I'm guessing you are running lean.
I have richened the fuel/air mixture and tried richer metering rods (even too rich) and neither changed the symptom. I may try to go super rich on the fuel/air mixture screws just to completely rule that out once and for all though.
 
Lean surge (?)
engine way too lean
or something in the ignition system, mechanical or vacuum advance hanging up
or in the actual distributor maybe bad
is it all stock, are the carbs completely stock too

fuel pump (?)
or fuel delivery,
something like the pickup/sending unit or the sock on the bottom inside the tank,
getting clogged & starving it (?)
hole somewhere in the line sucking air (?)
fuel filter (?)

points, condenser, I assume still,
maybe 1 set of points grounding out intermittently,
bad + positive 12vt (9vlt after the ballast resister) wire inside distributor
or cracked or worn/broken wire, on one of them under the insolation on the wire
hanging on by 1 or 2 strands of wire (?)
or bad - ground somewhere, inside the distributor (?)
Advance Plate inside the distributor all wonky, worn out (?)

fried/leaking/cracked tower on the ignition coil (?)


bad engine to chassis/body ground, chassis to battery grounds/rust, oxidation or corrosion (?)
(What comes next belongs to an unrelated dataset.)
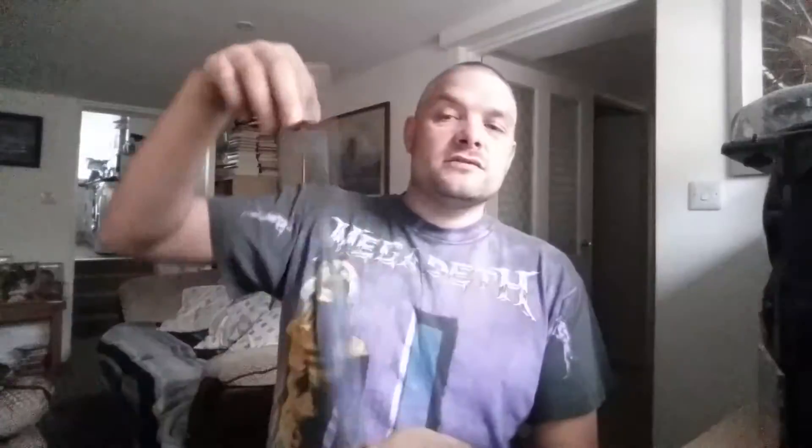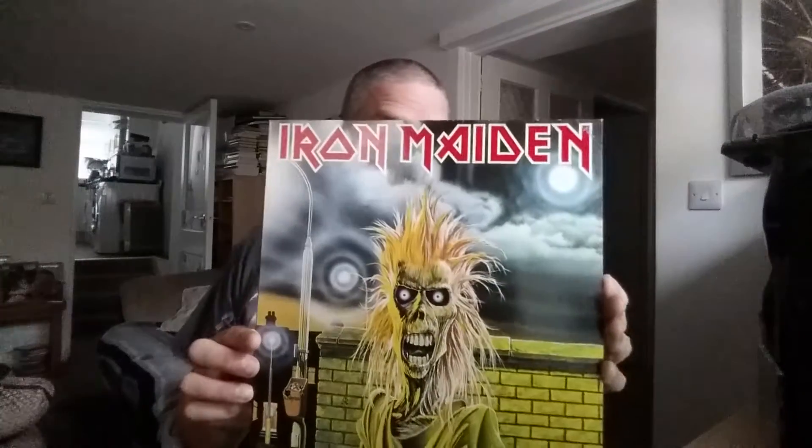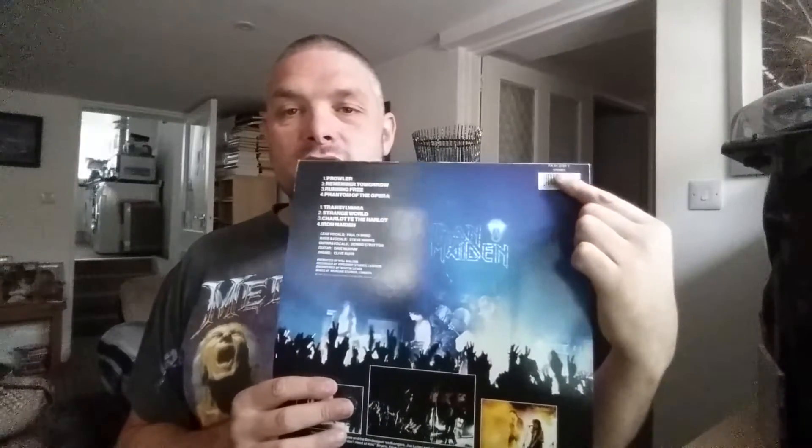I'm going to show you Iron Maiden's first album, and tell you a bit about why this one's not original and what to look out for in an original. Most people who like Iron Maiden and collect vinyl will notice straight away that this is not original because it's got the barcode, and it's got an FA4131211 number at the top, which means this is a UK one that came out in 1985.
corrosion/oxidation or rust between any of the connections
same thing maybe
in the main 'bulkhead connections' on the firewall
they are know for that after getting wet or just sat for a while



clogged air-filter or fuel filter (?)

the dude driving behind the wheel :poke:

sorry
all I got for now
Thanks a lot for all those possibilities. I’ve tried some of those but didn’t have them listed so I added that info to my post. I’ll definitely be looking into each of the others until I come up with the culprit. Except “the driver” possibly lol
 
My hemi 4 gear bucks trying to go slow down our gravel road. Other than that once in the gas she goes like a scalded cat. You're not running too high of gear for your speed are you?
 
My hemi 4 gear bucks trying to go slow down our gravel road. Other than that once in the gas she goes like a scalded cat. You're not running too high of gear for your speed are you?
No, it even does it cruising at 55 MPH but the “bucking” feels exactly like what you’re talking about when you’re in too high of a gear for the speed.
 
37* total a bit much if accurate and what are the cam spec's. dadsbee think mentioned going to slow for the gears your in. I call it cam lope.
 
Sounds like some slop (too much play) in the four-speed gears and universal joints....possibly also the rear gears.

Idle maybe slightly high also if this happens while idling in gear down a driveway at low speed etc.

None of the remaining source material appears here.